The pool of API Endpoints that are used by OneApi is refreshed every 10 minutes as well, by calling the Validationcore API. However, an endpoint has to work for at least 6 validations in a row (~60mins) to be considered healthy. It is not enough to just pass the last validation. The Validationcore API also performs a location lookup based on the IP, to match the API to the correct load balancing zone.
Currently, OneApi offers two main Middleware services:
- Route checking/blocking: The list of allowed routes is hardcoded and only requests that match this list will be forwarded to an API Endpoint. For example, requests for the producer Api or routes that don’t exist will be directly blocked by OneApi.
- JSON check: If a request has a body, it will be checked if the body can be parsed into a valid JSON before forwarding it to an API Endpoint.

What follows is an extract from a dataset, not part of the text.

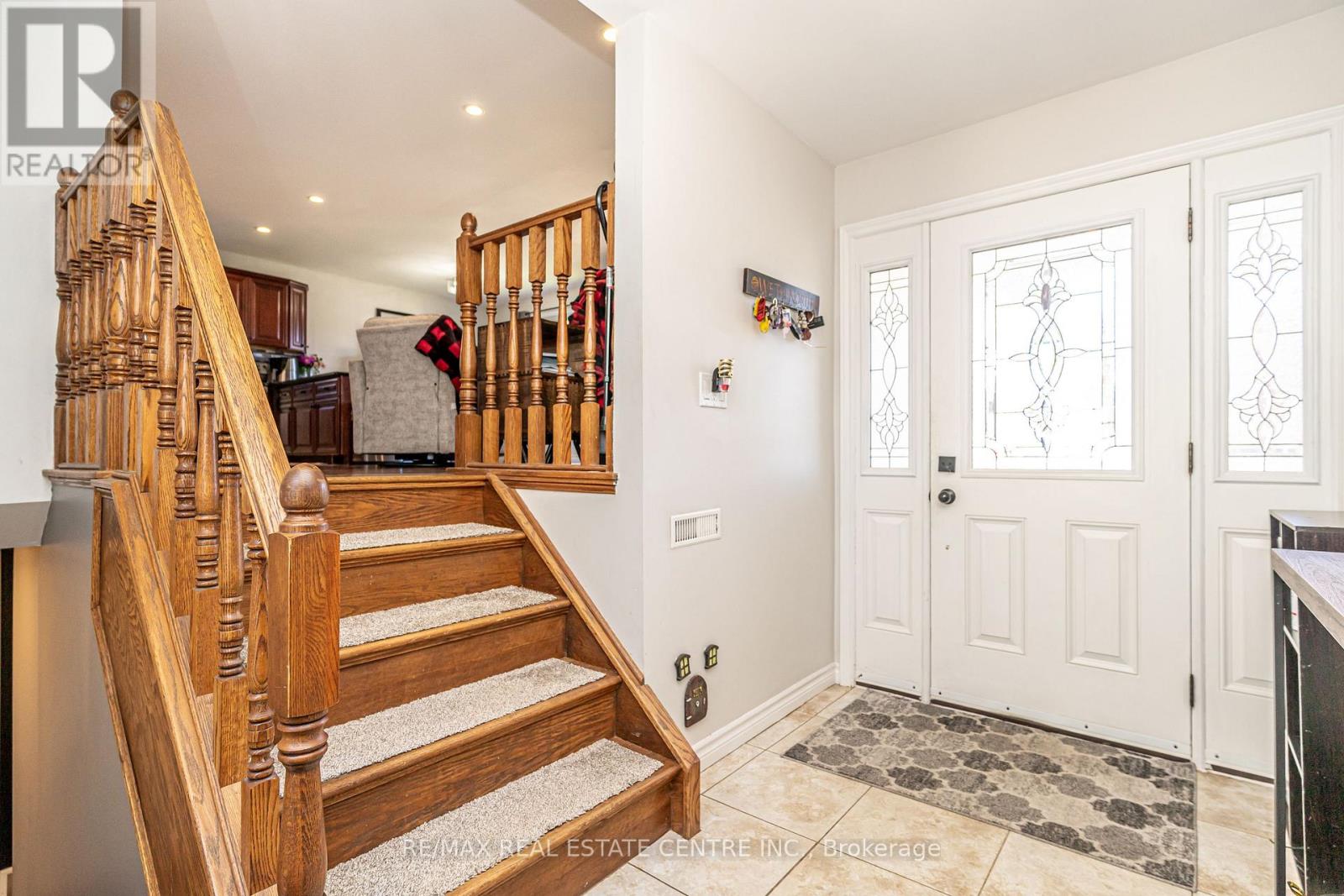 95 Avonmore Crescent, Orangeville, Ontario  L9W 3C2 - Photo 6 - W12673368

In both cases, standardized error messages will be sent and no API endpoint will receive the faulty request.
One unfortunate byproduct of the Cloudflare workers is a couple of headers that are added to the response by Cloudflare. Currently, there is no possibility to remove those. However, some custom headers are added as well:
“x-handled-by” header. This header indicates which API Endpoint has processed the request.

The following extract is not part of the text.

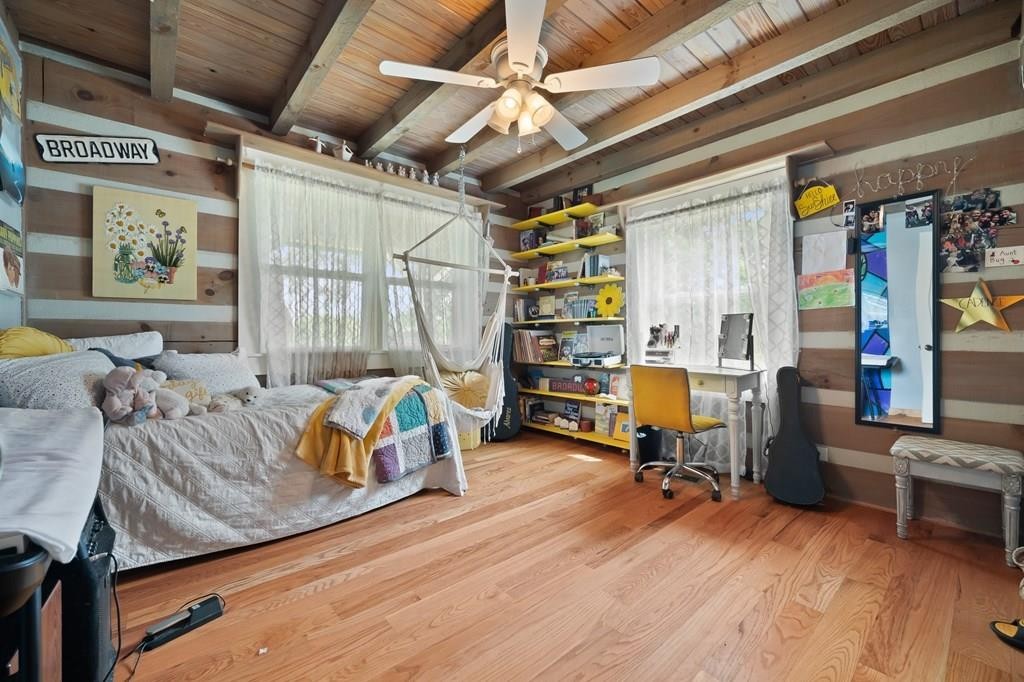 200 Duke Ln Property Photo 16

“x-rejected-by” header. This header will only be set if one of the middleware features is triggered, and the request is directly rejected by OneApi. In this case, no x-handled-by header will be set.

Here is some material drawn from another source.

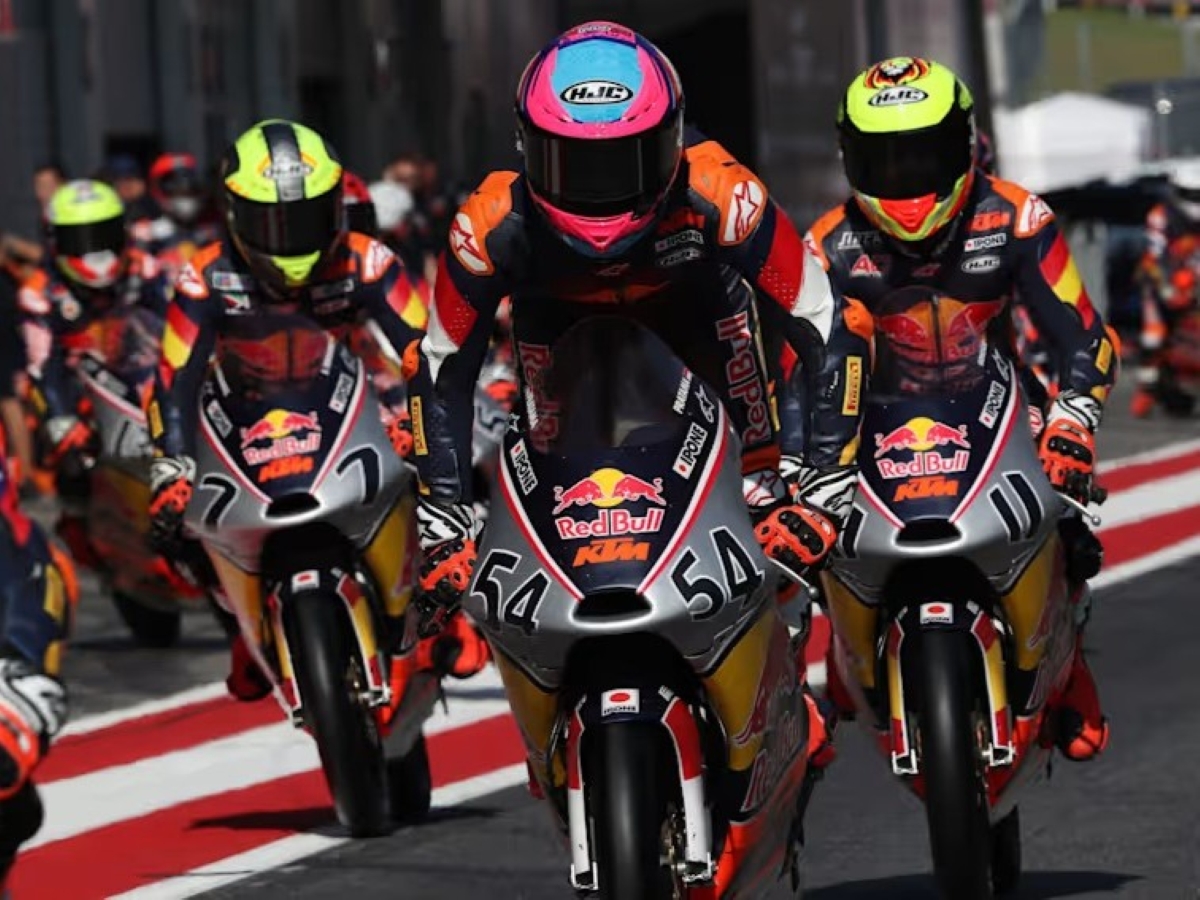 Veda Ega Pratama siap hadapi final Red Bull MotoGP Rookies Cup 2025.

OneApi automatically times out an Api request after 2000ms. If a request has timed out or if certain HTTP errors have been returned (e.g. 403 forbidden or rate limit associated errors), a second request will be sent to a different API. The result of the backup request will then be returned to the user. This reduces the chance of a user not getting a response. The API Endpoint, that did not respond successfully is then excluded from the locally cached list and no further requests will be forwarded to that API Endpoint.
As mentioned in the beginning, one of the main objectives was to reduce the dependency on single guilds. Unfortunately, the Validationcore has to run on Blacklusion’s servers. To mitigate the dependency on my guild, the current API list is stored in three separate locations:
The OneApi worker has a locally cached list of the API endpoints in the worker's memory. The worker is able to edit that list and to detect and remove nonfunctioning endpoints. This also has major performance benefits, since a call to the Cloudflare KV storage costs ~100ms. Having locally cached lists, allows the worker to handle a request completely without accessing the KV or other Apis.
Once per minute (or if the locally cached list is empty) the last list is pulled from the KV storage. This mechanism was implemented to overwrite the local list and to add endpoints back into the pool that may have been removed e.g. because of rate-limiting errors.
It should be noted, that the worker is not able to edit the list in the KV storage itself. The list in the KV storage is only updated when a new list is requested from the Validationcore API. This update process is running on a different worker and is decoupled from the actual OneApi Worker.
In a worst-case scenario, where Blacklusion’s servers would stop functioning, the OneApi service would still be able to keep running: The workers can pull the last list from the KV storage and prune nonfunctioning endpoints by themselves. And since the list in the KV storage cannot be edited by the workers, it is prevented that workers remove endpoints from the shared list, that may work for other workers. Of course, this will reduce performance and should not happen in the first place, but there is some room for failure by design. And in case everything is falling apart, every worker is also deployed with a hardcoded fallback list. This list kicks in if the KV storage List is empty or cannot be accessed.